Intimate Infinite: Imagine a Journey
Intimate Infinite: Imagine a Journey (2018) invited visitors to become immersed in the work of artists who collapse the vastness of infinity into tangible dimensions through obsessive detail, concentrated mark-making, the distilled intensity of small scale, or the tactile materiality of their surfaces. The exhibition unfolded over all three levels of Lévy Gorvy, New York, and included nearly one hundred works. Intimate Infinite: Imagine a Journey was the first exhibition organized for the gallery by cofounder Brett Gorvy. William Blake’s poem “Auguries of Innocence” inspired his selection of paintings, drawings, collages, and sculptures: “To see a World in a Grain of Sand / And a Heaven in a Wild Flower / Hold Infinity in the palm of your hand / And Eternity in an hour.”

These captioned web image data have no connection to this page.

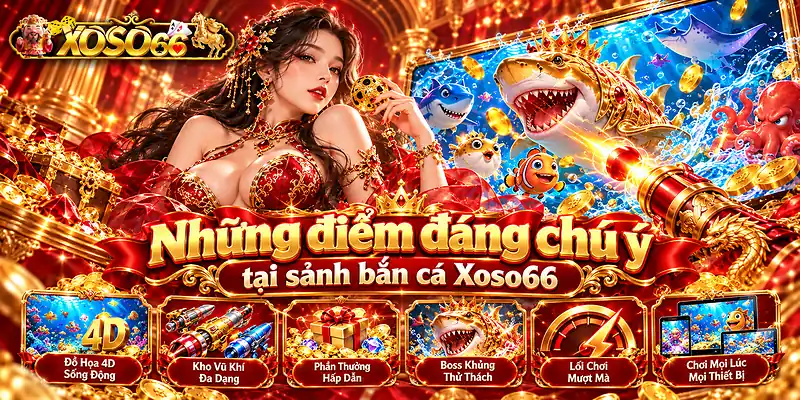 Những điểm đáng chú ý tại sảnh bắn cá Xoso66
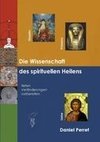 Die Wissenschaft des spirituellen Heilens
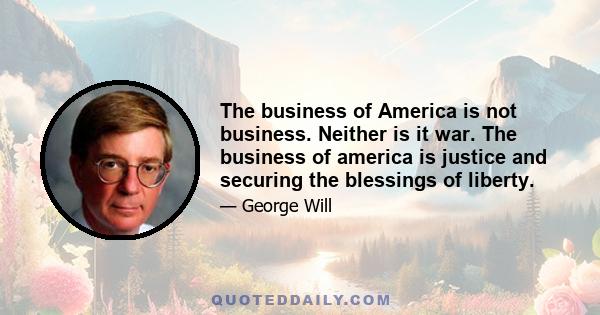 The business of America is not business. Neither is it war. The business of america is justice and securing the blessings of liberty.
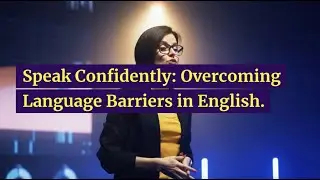 Speak Confidently: Overcoming Language Barriers in English
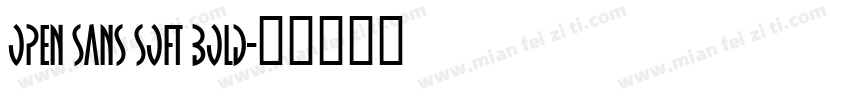 Open Sans Soft Bold字体转换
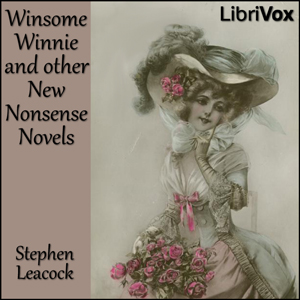 Winsome Winnie and other New Nonsense Novels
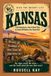Kick the Bucket List: Kansas: 120 Adventures, Eats & Road Trips to Check Off Before You Check Out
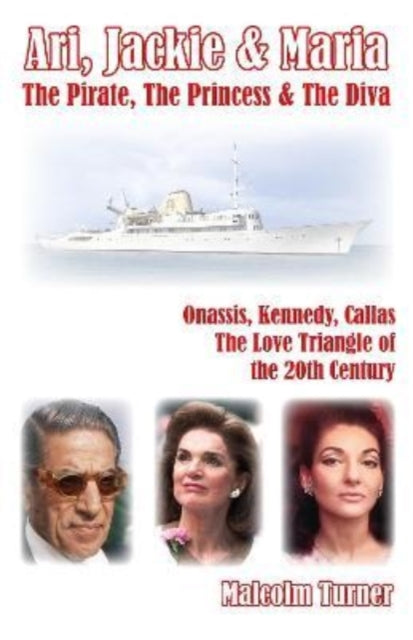 Book cover of: Ari, Jackie & Maria. By: Malcom Turner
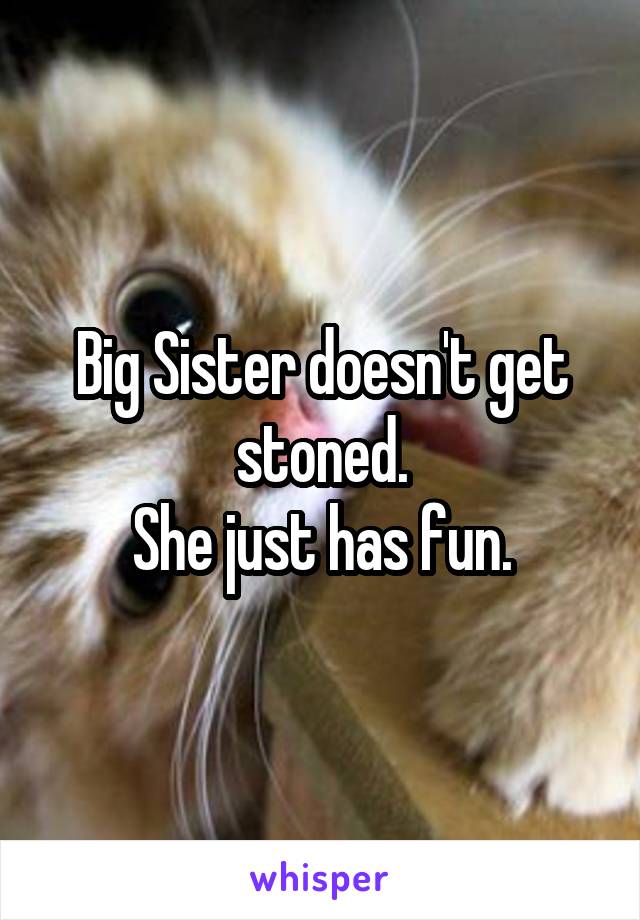 Big Sister doesn't get stoned.
She just has fun.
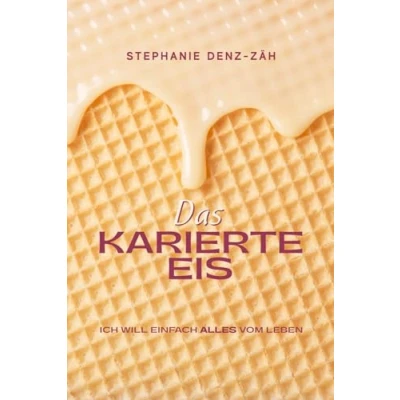 Abbildung von Das karierte Eis: ICH WILL EINFACH ALLES VOM LEBEN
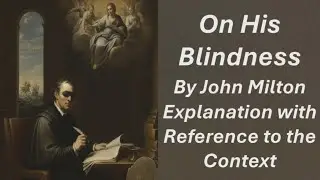 On His Blindness by John Milton Detail Explanation in Hindi #ba #english #honours #major #education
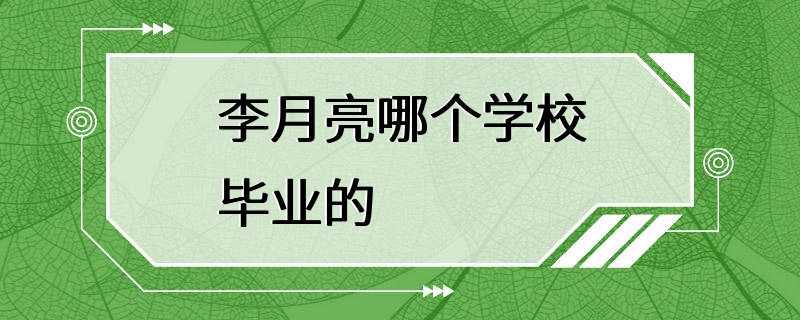 李月亮哪个学校毕业的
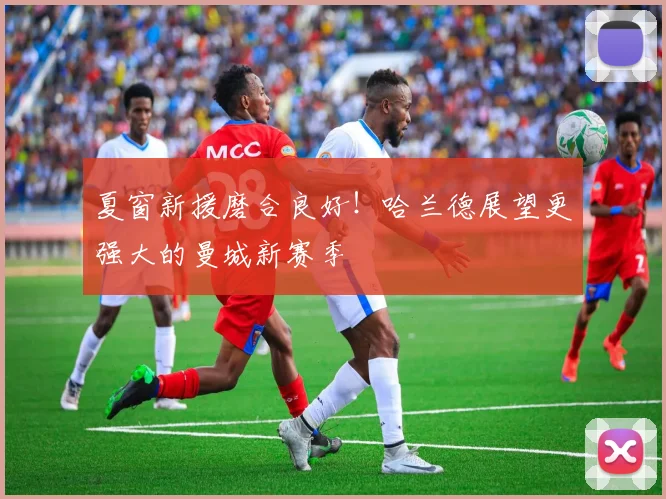 夏窗新援磨合良好！哈兰德展望更强大的曼城新赛季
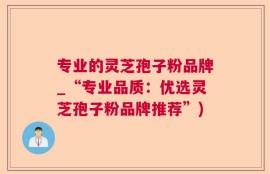 专业的灵芝孢子粉品牌_“专业品质：优选灵芝孢子粉品牌推荐”)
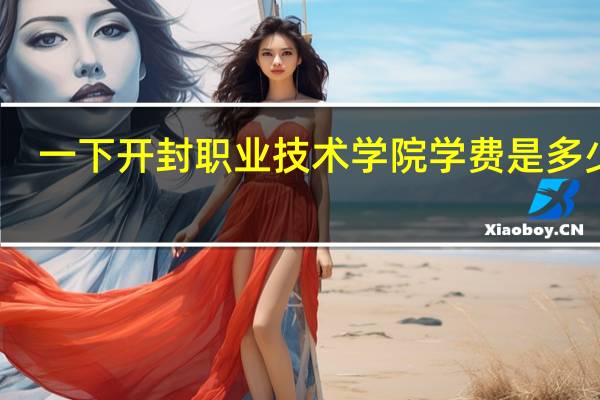 一下开封职业技术学院学费是多少钱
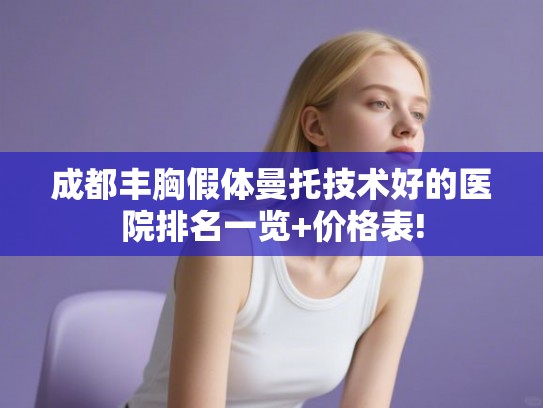 成都丰胸假体曼托技术好的医院排名一览+价格表! 成都丰胸假体曼托技术好的医院排名一览+价格表!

Viewers first encountered a wall of Robert Ryman paintings of different scales and materiality in conversation with three paintings by Cy Twombly, including the stunning blackboard work Untitled (1967). The second floor demonstrated distinctive sensuality and sensitivity to material, featuring works by the most influential female artists of the 1960s and 1970s in juxtaposition with those of their male peers. Highlights included the bulging and stitched wall relief of Lee Bontecou’s Untitled (1959), made from leather, canvas, welded steel rods, and wire, displayed in visual contrast to the inward movement of Jasper Johns’s White Target (1958). The third floor of Intimate Infinite was a meditation upon fantastical universes, including surreal landscapes by Yves Tanguy, such as Lumen (1949) and René Magritte’s La condition humaine (1935). These works were positioned alongside exquisitely executed box assemblages by Joseph Cornell and Lucas Samaras. The final room featured seven butterfly works by Jean Dubuffet—the first time such a significant assembly of these rare and intricate collages was shown together in New York.